Start of The input

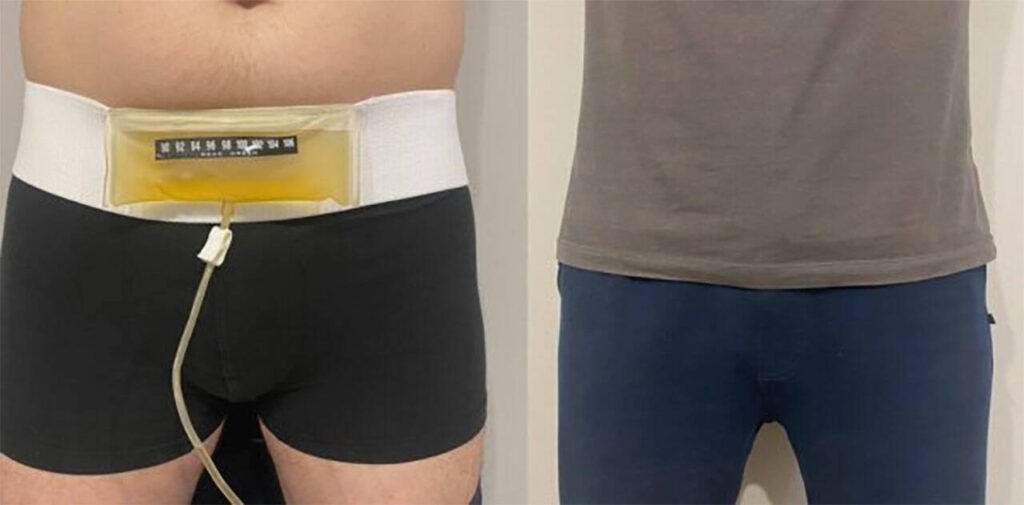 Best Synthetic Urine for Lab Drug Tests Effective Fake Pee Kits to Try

End of The input
Start of The input

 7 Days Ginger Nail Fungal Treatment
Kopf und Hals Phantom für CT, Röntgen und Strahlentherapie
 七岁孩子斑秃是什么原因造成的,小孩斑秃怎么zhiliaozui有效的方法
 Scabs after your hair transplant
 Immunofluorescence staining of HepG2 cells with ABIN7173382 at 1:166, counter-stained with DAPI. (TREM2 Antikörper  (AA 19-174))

End of The input
Start of The input

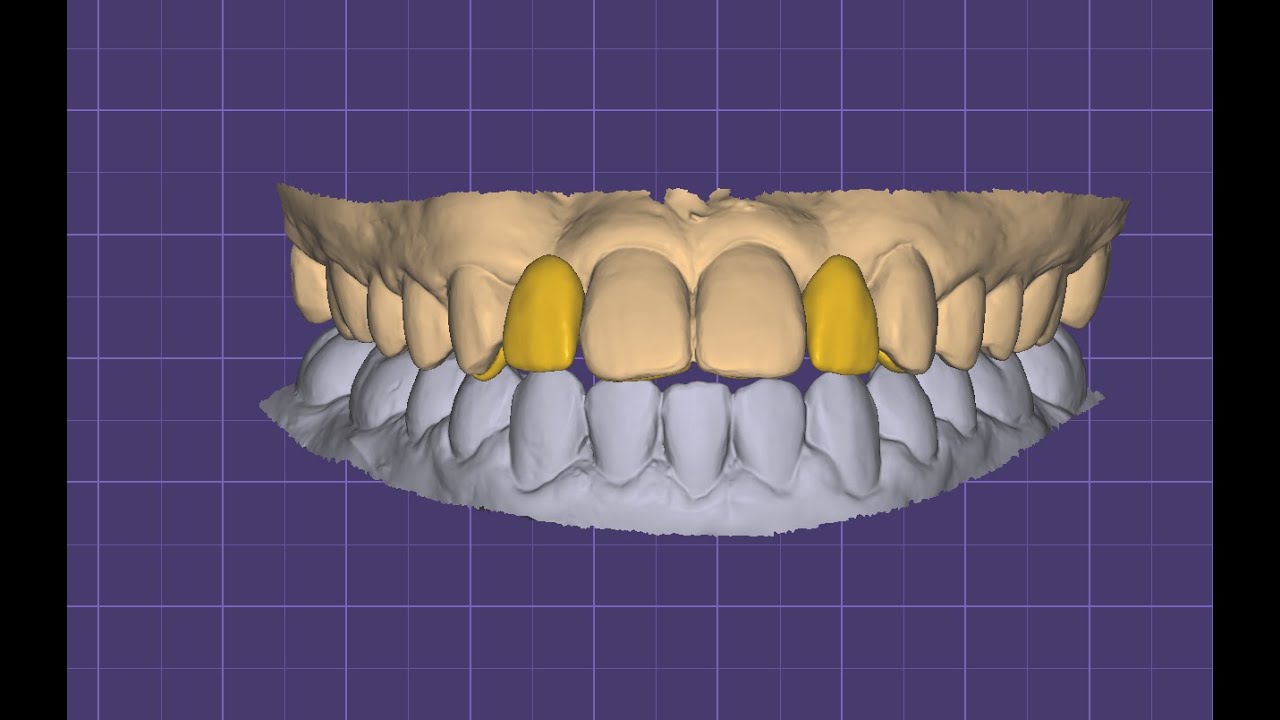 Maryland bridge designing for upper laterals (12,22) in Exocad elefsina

End of The input

-- Assignment --
Only one stretch of the entries above is wanted: the lines from the one containing "Scabs after your hair transplant" through the one containing "Immunofluorescence staining of". Please reproduce it exactly.

-- Answer to this problem --
 Scabs after your hair transplant
 Immunofluorescence staining of HepG2 cells with ABIN7173382 at 1:166, counter-stained with DAPI. (TREM2 Antikörper  (AA 19-174))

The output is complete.